-- Work required --
From the entries that follow, reproduce exactly and only the lines from the line with "1 bed, 600 sqft, $1,150 — Photo 2" to the line with "Filtrec R261G25", endpoints included.

Collected data
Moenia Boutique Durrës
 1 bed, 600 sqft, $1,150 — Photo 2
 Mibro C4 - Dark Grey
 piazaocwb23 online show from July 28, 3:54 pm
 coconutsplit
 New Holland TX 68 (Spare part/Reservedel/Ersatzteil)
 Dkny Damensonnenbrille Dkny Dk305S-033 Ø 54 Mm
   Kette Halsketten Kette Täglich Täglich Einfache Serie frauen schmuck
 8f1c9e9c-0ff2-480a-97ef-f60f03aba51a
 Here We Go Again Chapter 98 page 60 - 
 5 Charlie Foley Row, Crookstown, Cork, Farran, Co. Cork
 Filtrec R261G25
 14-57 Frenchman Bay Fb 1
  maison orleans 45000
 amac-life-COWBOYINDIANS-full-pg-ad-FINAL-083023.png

-- Result of the task --
 1 bed, 600 sqft, $1,150 — Photo 2
 Mibro C4 - Dark Grey
 piazaocwb23 online show from July 28, 3:54 pm
 coconutsplit
 New Holland TX 68 (Spare part/Reservedel/Ersatzteil)
 Dkny Damensonnenbrille Dkny Dk305S-033 Ø 54 Mm
   Kette Halsketten Kette Täglich Täglich Einfache Serie frauen schmuck
 8f1c9e9c-0ff2-480a-97ef-f60f03aba51a
 Here We Go Again Chapter 98 page 60 - 
 5 Charlie Foley Row, Crookstown, Cork, Farran, Co. Cork
 Filtrec R261G25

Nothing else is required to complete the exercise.